Bipolartheorem for canonical pair (X,X*) Let $X$ be a vector space and $X^*$ its algebraic dual. For $A \subseteq X$ we define $A' = \lbrace f \in X^* | f(u) = 0, \hspace{2mm} \forall u \in A  \rbrace$ and $A'' = \lbrace x \in X | \langle f,x\rangle = 0, \hspace{2mm} \forall f \in A' \rbrace$. I want to show $A'' = \mbox{span} A$. For finite dimensional vector spaces this is clear. If $X$ is an infinite dimensional vector space then first note that $A' = \sideset{^\perp}{}A$. By definition we have $A'' = (\sideset{^\perp}{}(\mbox{span}A))^{\perp}$. By the bipolar theorem one gets $(\sideset{^\perp}{}(A))^{\perp} = \overline{\mbox{span} A}^{\sigma(X^*,X)}$. Now I am not sure if the linear span is already $\sigma(X^*,X)$ closed. I know that $X^*$ is $\sigma(X^*,X)$-complete.
 A: Note that this holds for vector spaces without any topology over every field.

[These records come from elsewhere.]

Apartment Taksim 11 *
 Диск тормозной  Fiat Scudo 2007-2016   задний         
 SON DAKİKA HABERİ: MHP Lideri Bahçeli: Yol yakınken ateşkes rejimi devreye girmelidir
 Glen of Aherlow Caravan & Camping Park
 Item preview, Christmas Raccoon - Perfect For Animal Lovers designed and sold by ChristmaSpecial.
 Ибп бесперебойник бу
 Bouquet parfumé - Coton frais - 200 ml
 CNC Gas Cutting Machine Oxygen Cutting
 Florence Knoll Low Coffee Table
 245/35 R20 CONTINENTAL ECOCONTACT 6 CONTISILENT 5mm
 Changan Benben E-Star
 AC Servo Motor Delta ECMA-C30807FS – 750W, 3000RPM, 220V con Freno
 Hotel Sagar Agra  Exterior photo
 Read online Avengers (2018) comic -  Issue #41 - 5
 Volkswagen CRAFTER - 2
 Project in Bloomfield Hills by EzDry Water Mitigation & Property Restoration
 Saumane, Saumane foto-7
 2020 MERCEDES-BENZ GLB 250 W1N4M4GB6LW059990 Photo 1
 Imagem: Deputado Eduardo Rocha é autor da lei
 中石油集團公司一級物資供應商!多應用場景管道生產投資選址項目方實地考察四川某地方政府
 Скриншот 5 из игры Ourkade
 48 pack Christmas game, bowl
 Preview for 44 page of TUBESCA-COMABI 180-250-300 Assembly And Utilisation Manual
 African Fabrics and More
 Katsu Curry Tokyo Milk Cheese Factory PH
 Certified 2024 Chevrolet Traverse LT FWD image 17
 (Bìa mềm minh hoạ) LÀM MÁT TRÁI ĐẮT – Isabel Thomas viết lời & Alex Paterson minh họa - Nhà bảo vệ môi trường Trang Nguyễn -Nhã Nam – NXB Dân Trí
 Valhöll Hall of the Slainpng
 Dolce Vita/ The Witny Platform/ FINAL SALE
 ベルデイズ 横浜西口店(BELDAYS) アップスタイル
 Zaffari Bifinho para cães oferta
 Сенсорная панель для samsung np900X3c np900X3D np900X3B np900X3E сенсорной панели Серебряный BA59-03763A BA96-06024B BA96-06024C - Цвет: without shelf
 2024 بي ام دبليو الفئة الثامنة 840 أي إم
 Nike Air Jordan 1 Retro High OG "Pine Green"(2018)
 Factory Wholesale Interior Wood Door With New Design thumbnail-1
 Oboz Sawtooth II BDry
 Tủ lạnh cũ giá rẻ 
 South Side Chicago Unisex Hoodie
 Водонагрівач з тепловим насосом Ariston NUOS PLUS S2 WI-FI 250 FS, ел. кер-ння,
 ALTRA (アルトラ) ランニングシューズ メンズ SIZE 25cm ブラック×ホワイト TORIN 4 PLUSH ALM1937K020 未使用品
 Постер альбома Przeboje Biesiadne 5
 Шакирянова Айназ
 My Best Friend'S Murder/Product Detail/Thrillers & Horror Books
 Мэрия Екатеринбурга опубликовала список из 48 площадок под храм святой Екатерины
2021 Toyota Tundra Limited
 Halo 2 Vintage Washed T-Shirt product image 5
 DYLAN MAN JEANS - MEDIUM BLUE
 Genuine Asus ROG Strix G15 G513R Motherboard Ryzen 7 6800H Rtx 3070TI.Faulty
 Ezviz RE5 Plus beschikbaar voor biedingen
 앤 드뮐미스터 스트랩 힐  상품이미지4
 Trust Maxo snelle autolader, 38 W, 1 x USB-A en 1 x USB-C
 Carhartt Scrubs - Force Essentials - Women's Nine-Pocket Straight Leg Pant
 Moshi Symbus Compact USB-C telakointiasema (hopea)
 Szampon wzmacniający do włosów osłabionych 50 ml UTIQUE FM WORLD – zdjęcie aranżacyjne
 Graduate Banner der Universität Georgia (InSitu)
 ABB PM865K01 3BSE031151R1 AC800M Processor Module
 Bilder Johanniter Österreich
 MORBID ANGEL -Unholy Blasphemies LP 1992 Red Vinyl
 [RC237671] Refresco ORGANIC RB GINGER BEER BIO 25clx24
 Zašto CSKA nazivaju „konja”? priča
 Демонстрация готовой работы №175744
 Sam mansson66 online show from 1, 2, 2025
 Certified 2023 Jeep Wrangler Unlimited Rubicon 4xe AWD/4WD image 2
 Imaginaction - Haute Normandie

$A \subset A''$. Indeed, take $a \in A$. Let $f \in A'$, this means that $f(u)=0$ for all $u \in A$, in particular $f(a)=0$. As this holds for all $f$, we get $a \in A''$. Now it's easy to show that $A''$ is a vector space, so we get $\operatorname{span} A \subset A''$. Set $Y:=\operatorname{span} A$
Now suppose that $x \in X \setminus Y$. Now consider the algebraic dual space $(X/Y)^*$. Because $x \notin Y$, we get that $x+Y \neq Y$, so there exists a linear functional $f:X/Y \to \Bbb k$ ($\Bbb k$ being the ground field) such that $f(x+Y)\neq 0$ (start with a linear functional on the subspace spanned by $x+Y$ that doesn't vanish on $x+Y$ and use that $\Bbb k$ is an injective object in the category of all $\Bbb k$-vector spaces (with no topology) to extend this to $X/Y$. If you don't like using the notion of injective modules, use Zorn's lemma directly.). Compose this with the projection $X \to X/Y$ to get a linear functional $f \in X^*$ that vanishes on $Y$ and that is non-zero on $x$. As $f$ vanishes on $Y$, we get $f \in A'$, but we have $\langle f,x\rangle = f(x) \neq 0$, so $x \notin A''$.